• ACTIVITY
Copy out the full listing below as it stands, with its pictures left behind.

• PROVIDED MATERIAL
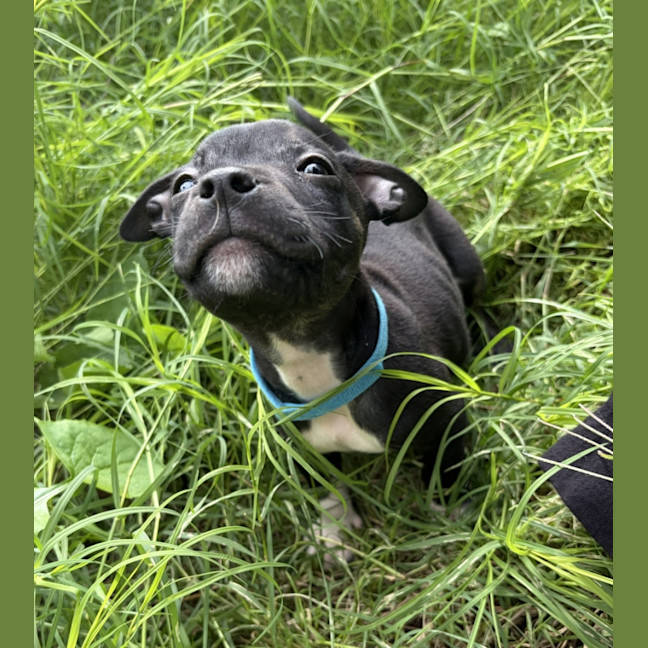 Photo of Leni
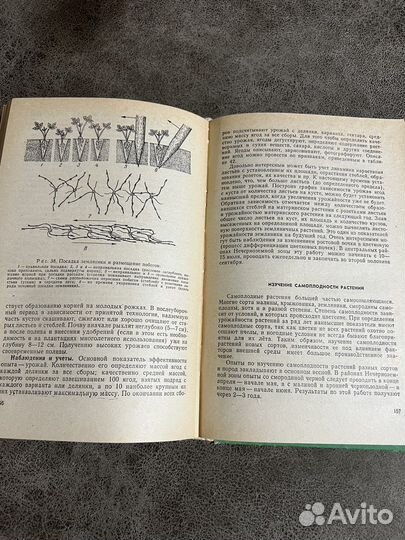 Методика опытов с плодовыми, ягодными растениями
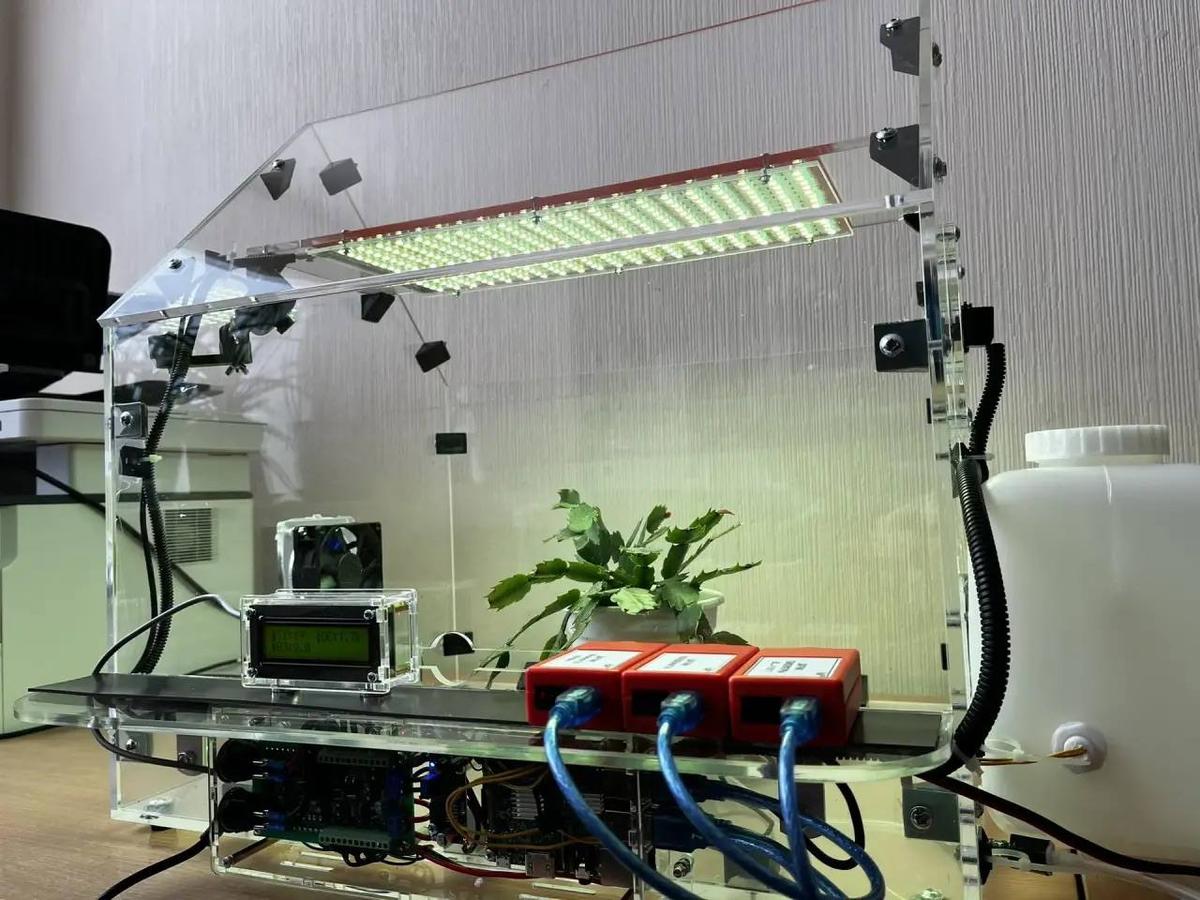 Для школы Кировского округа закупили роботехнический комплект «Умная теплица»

• SOLVED PROBLEM
 Photo of Leni
 Методика опытов с плодовыми, ягодными растениями
 Для школы Кировского округа закупили роботехнический комплект «Умная теплица»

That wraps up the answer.